A plaque honoring America’s first black Army infantry, the 54th Regiment, now sits at the corner of Beacon and Park Streets in Boston. The Shaw Memorial by sculptor Augustus Saint-Gaudens is a new monument that stands 11 feet tall and 14 feet wide. It honors the fallen black soldiers who fought bravely in the Civil War under Col. Robert Gould Shaw. The statue took 14 years to complete.
The 54th Massachusetts Regiment was formed in 1863. It was comprised of freed slaves in the Union and the first organized infantry of African Americans in the Civil War. The men trained at Boston’s Camp Meigs. Controversy ensued for their promised wages, which was $13 per month. Upon enlisting, the men were only paid $7 per month and were told the deduction was for clothing, an expense the white soldiers did not have to pay. This often resulted in protest. It was not until September 28, 1864 that the U.S. Congress took action to get the black soldiers back pay. By that time, most men had served for over one year.

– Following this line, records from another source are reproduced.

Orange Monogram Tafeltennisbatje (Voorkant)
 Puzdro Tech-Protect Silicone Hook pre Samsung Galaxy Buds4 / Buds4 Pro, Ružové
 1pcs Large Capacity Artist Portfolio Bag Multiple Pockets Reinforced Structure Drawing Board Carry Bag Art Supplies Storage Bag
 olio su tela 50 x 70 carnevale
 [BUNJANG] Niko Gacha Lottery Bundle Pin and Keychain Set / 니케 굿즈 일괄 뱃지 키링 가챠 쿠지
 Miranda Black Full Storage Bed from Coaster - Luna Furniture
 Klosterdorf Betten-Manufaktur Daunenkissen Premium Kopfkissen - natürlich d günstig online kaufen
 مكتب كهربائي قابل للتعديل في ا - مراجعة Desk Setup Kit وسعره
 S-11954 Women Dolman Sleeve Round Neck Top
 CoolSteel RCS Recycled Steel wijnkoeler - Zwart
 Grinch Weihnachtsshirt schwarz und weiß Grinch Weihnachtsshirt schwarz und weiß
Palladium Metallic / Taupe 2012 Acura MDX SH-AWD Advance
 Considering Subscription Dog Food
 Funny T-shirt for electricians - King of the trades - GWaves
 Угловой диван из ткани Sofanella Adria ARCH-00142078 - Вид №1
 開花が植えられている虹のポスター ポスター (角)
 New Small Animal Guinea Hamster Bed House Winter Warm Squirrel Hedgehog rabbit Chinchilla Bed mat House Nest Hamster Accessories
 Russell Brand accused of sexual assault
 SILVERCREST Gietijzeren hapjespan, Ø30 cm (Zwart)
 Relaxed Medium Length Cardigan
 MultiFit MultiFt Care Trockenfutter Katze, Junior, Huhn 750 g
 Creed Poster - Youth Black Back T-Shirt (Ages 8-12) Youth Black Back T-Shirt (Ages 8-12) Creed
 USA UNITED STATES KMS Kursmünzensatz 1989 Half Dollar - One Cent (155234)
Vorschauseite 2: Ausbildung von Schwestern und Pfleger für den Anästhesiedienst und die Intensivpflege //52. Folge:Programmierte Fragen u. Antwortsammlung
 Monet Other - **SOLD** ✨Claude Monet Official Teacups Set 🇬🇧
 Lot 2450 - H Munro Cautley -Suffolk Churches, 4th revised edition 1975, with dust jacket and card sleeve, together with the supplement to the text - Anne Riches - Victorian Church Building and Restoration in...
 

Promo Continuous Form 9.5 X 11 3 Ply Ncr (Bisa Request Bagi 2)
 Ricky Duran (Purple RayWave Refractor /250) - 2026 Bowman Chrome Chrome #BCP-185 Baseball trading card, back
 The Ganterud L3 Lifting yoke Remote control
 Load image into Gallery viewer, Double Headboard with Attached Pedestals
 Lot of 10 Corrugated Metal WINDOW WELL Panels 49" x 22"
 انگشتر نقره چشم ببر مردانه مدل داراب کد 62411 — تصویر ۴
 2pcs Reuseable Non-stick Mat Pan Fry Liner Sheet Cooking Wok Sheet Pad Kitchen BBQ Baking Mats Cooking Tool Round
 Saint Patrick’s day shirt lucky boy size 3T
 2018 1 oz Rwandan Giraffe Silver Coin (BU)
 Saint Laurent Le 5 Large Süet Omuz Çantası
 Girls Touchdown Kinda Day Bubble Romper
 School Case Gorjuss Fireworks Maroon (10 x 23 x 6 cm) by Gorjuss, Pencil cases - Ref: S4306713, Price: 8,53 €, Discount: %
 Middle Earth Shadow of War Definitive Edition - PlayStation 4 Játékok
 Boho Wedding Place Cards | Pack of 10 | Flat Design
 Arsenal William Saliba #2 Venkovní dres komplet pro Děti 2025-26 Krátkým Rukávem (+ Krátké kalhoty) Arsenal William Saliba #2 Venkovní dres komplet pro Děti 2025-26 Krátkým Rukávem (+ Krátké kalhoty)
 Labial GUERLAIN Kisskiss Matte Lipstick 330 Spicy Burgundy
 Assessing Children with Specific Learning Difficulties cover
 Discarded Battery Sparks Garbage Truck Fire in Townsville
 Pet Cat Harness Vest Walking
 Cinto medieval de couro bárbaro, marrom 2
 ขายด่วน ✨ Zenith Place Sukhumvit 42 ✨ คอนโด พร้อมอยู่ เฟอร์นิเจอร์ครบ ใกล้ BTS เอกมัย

The brave men of the 54th Volunteer Regiment were defeated at Fort Wagner in South Carolina 150 years ago. Out of 600, 272 men fell, along with Colonel Robert G. Shaw. Sergeant William Harvey Carney was awarded the Medal of Honor for grabbing the U.S. flag and carrying it to the enemy ramparts and back, and singing “Boys, the old flag never touched the ground!” It was one of the most tragic battles for the regiment but significant in the overall Civil War and the win of the Union Army.